Looking down I-90 from Olallie Point
From just beyond the knife edge at Olallie Point looking at Hall Point and Pk 4320.
VIA Exit 38 on I-90: Once off of the road head east for about one mile until you see a parking area for Olallie State Park on your left (1 mile). Park there and walk to the east 200 yards to the gated trailhead on your righthand side.
Trailhead sign to the Change Creek Trail
Great rock outcrop on the way up the Change Creek Trail
Start from the trailhead of Zig Zag Trail and take it up to the John Wayne Trail, which was formally a railroad that cut through Snoqualmie Pass. You will notice it by the very large bridge that goes over Hall Creek. From there go over Hall Creek and go past a number of good sport climbing areas. From there you go over another small bridge. If you look carefully you will see the Change Creek Trail that goes up behind the bridge. Take this trail go up as it steeply switchbacks up a steep wooded slope. From there this trail will continue to rise up this slope. As you go higher there will be a number of good views off to the east. Continue on the trail as it steeply rises all the way to the saddle separating Hall Point and peak 4360 and Olallie Point. There is a well marked path stating Olallie Point from trail (There is also a trail cut up from the north end that avoids this sign. Use the path.)
Map to Olallie Point
Once you hit the sign showing Olallie Point take the path north to the end toward Olallie Point. This path gets very narrow and there are a number of very short yet very scrambly areas where a fall could be fatal. All of these sections are one or two knife edge moves but caution is definitely needed on this section which is why I am listing it as Class 3
. Once pass the knife edge section from there it is a clear hike to the end where dazzling views await.

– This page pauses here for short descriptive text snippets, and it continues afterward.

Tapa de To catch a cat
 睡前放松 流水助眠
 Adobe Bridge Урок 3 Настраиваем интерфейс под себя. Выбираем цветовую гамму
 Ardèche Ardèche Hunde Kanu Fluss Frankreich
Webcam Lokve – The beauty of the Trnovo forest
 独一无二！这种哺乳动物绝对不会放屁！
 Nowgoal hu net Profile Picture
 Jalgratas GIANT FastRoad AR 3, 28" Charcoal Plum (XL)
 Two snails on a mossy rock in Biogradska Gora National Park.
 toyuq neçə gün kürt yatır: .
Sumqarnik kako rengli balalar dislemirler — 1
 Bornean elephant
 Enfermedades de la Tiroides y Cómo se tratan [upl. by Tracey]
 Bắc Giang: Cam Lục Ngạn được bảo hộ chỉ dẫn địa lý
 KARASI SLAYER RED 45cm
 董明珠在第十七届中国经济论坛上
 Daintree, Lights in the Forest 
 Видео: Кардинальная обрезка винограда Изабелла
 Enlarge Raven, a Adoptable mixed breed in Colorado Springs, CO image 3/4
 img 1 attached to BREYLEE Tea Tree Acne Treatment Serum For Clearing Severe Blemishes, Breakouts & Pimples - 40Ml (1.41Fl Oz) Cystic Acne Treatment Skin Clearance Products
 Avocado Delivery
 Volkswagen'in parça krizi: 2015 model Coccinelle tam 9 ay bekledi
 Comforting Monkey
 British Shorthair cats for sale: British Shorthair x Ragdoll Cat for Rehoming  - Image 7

Looking up the cliffs of Olallie Point
Looking down the cliffs of Olallie Point
Discover Pass required which is $10 for the day or $30 for the year. Here is the link to the Discover Pass
When to Climb
You can head up Olallie Point at any time of the year. The last little scramble to the summit can be very dangerous in wet or icy conditions and should not be attempted in snowy conditions
. If you run into these conditions than press on a 1/2 mile to the Hall Point rock outcrop instead.
No camping allowed at the park. Parking is only available from dusk until dawn.